I find Anomalisa enormously admirable: it's the first mainstream animated film in America in just ages that aggressively tries to re-orient our expectations of what kind of stories are "appropriate" for animation. And the approach it takes to animation is, itself, decidedly unconventional. The faces of the stop-motion puppets were created on 3-D printers, after the fashion of Laika's ParaNorman, lending them an uncanny realism; the same goes for the saggy, floppy bodies of those puppets when we see them in the nude. As we do at some length; besides giving Michael a pathetically farcical shower scene, Anomalisa gives us the most thoughtfully naturalistic sex scene I have ever seen animated, one so attuned to the movements and sounds of sex that it's striking and disorienting because that kind of sensitivity about sex is rare in movies, not because it's a depiction of doll cunnilingus.

These hyper-real puppets, meanwhile, have been assembled with deliberate artlessness: the seams in the component parts of the face are left to stand, giving every character the impression of wearing a plastic mask (this is used to extremely good effect in a nightmare sequence that is the most overtly Kaufmanesque moment in the film). The tension between this insistent reminder that we're always only looking at maquettes being manipulated by hand, and the insistent realism of every other aspect of the design and cinematography provides a steady source of discord that Anomalisa thrives on: it is, when we come right down to it, a depiction of soul-consuming depression, the kind that makes it feel not just impossible but undesirable to bother connecting with any other human beings. Presenting a world that's both totally real and obviously constructed is a hell of a way to explore that feeling.
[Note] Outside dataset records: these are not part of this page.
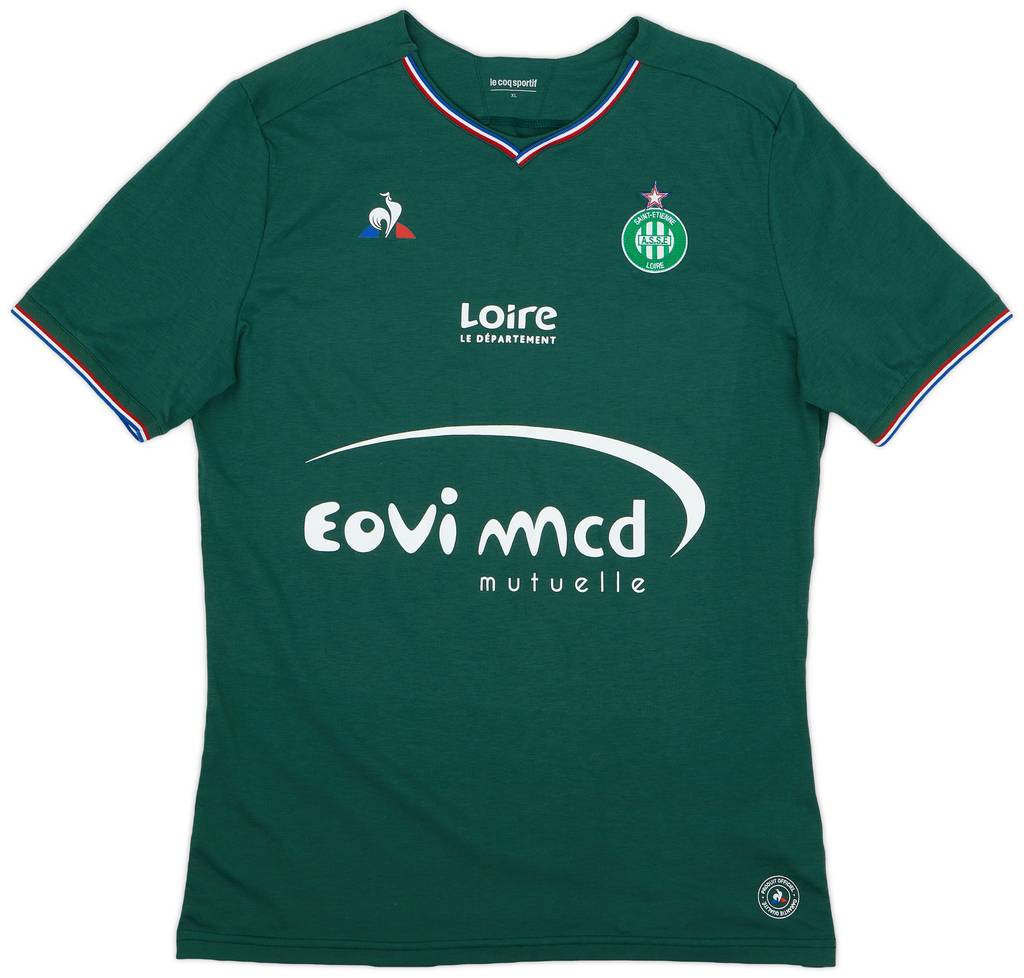 2017-18 Saint Etienne Home Shirt - 9/10 - (XL)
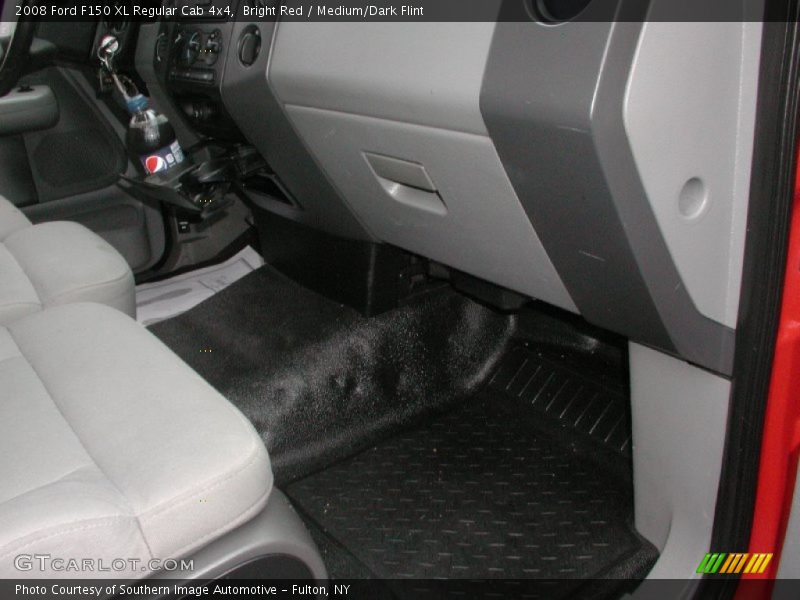 Bright Red / Medium/Dark Flint 2008 Ford F150 XL Regular Cab 4x4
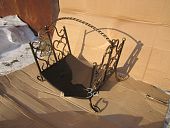 Дровница с ручкой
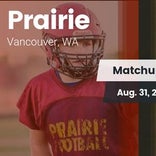 Football Game Recap: Prairie vs. Parkrose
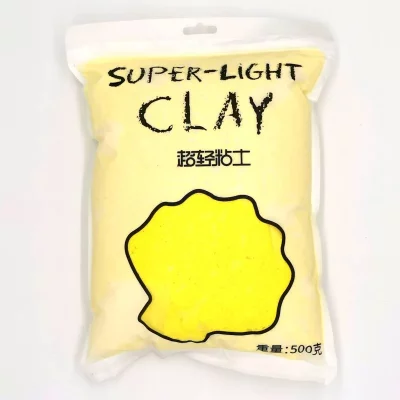 Глина Super Light Clay лимонная для слайма 500 гр с фото и видео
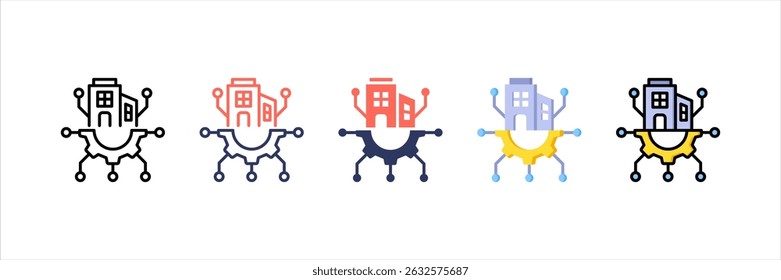 Infrastructure Multi Style Icon Set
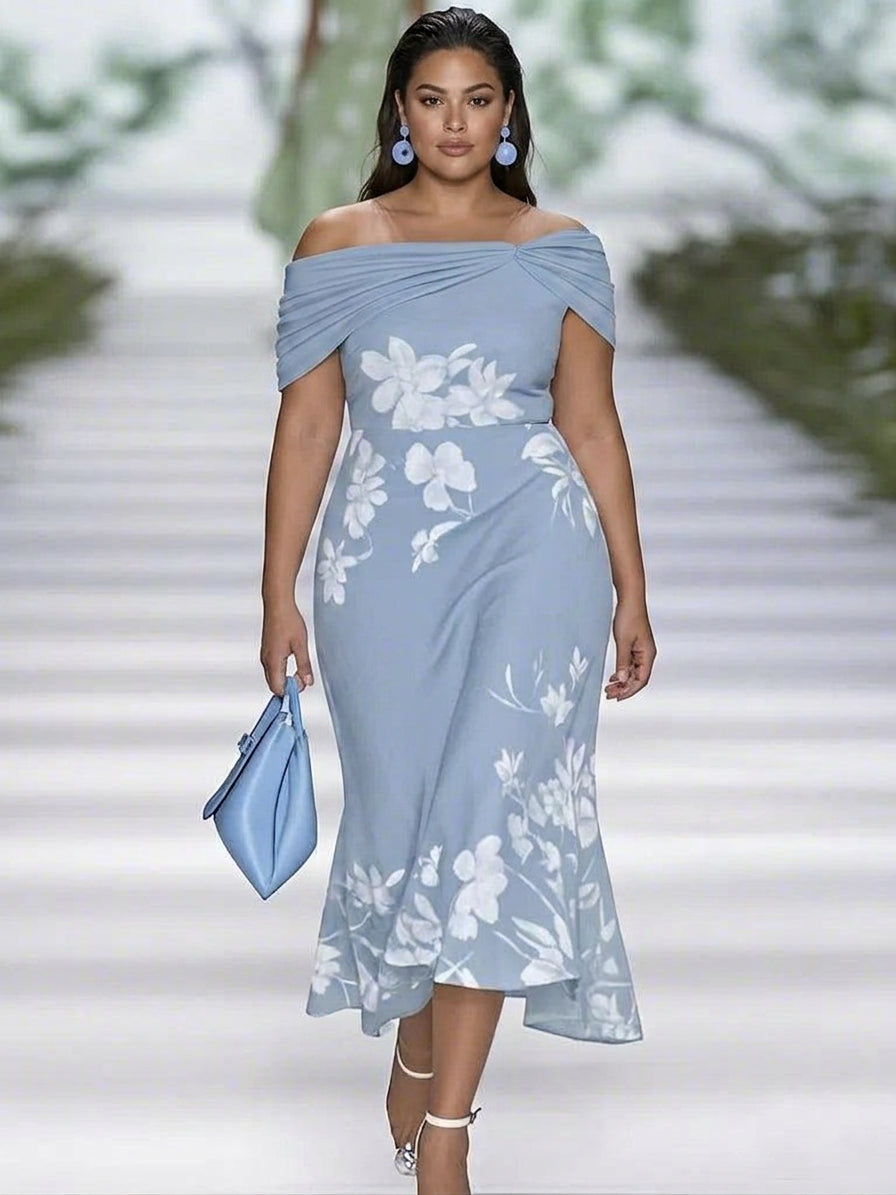 Jolie | Elegant Floral Print Dress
I don't love it. "Admirable" is, well, admirable, but try though I might, I've been having an intensely difficult time summoning up any real enthusiasm for Anomalisa as an experience beyond its proficiency as an intellectual exercise. And bear in mind, I didn't like Synecdoche, New York even that much: I found it to be so calculated in its rejection of joy that it become more enervating to watch than remotely enlightening. So your mileage may vary, if you're one of that film's passionate fans. At least Anomalisa has more of a sense of comedy than Synecdoche ever wanted to, but it ends up coming down to the same basic problem: this is a story about a man so consumed by self-negation that there's really nothing left about him that's terribly interesting or appealing, and we're left with very little reason to desire spending time in his presence.
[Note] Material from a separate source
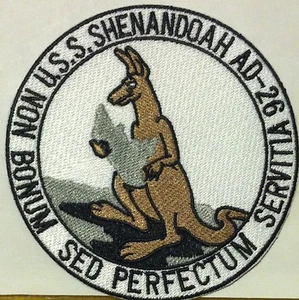 USS SHENANDOAH AD-26 Naval Destroyer Patch With Hook Adhesive Fastener - Picture 1 of 1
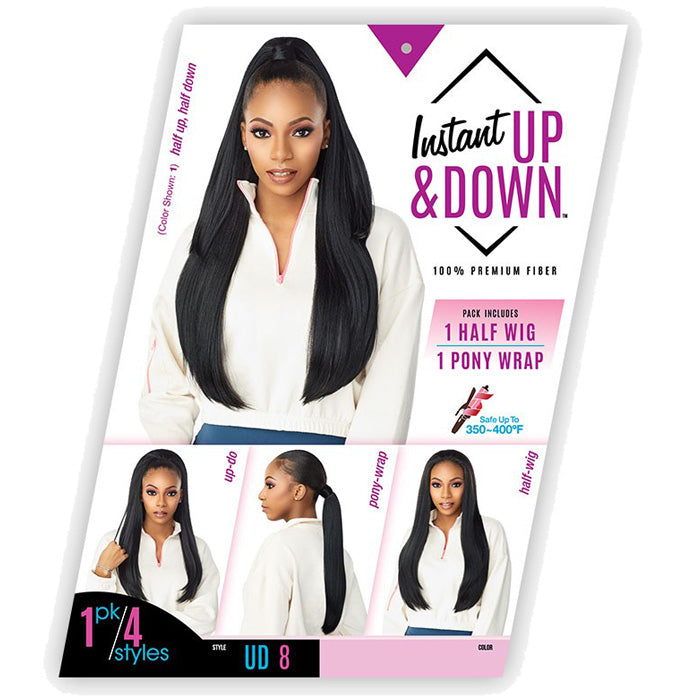 Sensationnel Instant Up & Down Pony Half Wig - UD 8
Anomalisa even goes further in that direction than Kaufman's last film, since the movie presents such a drab, mordant sexual relationship as it its most tender human moment. What it does not do is to side with Michael in viewing Lisa as his savior, thank God; the film realises that Michael is just being a deeply pathetic middle-aged white guy in thinking he can patch himself up with the help of an extra-marital fling, though in order to prove that realises this, it has to make sure that we get that Lisa is frankly not very interesting or distinctive. Which, Leigh's fireworks show of a vocal performance notwithstanding, means that we're stuck with a two-hander in which one of the hands is unlikable and skeevy and the other hand is basically a dolt with no real life of her own.

It's kind of a suffocating view of humanity, I'm saying, and not one with terribly new insights into middle-aged male behavior (there have been a lot of Michaels in the movies over the years), though it has an impressively creative way of re-packaging those insights. In other words, the animation is really damned exciting and I think anyone with the smallest interest in the possibilities of stop-motion storytelling should consider this 100% essential viewing, but this is just a beleaguered tale of life in a crappy world. There simply isn't very much there there, and what there is is frankly so pessimistic as to be of limited utility.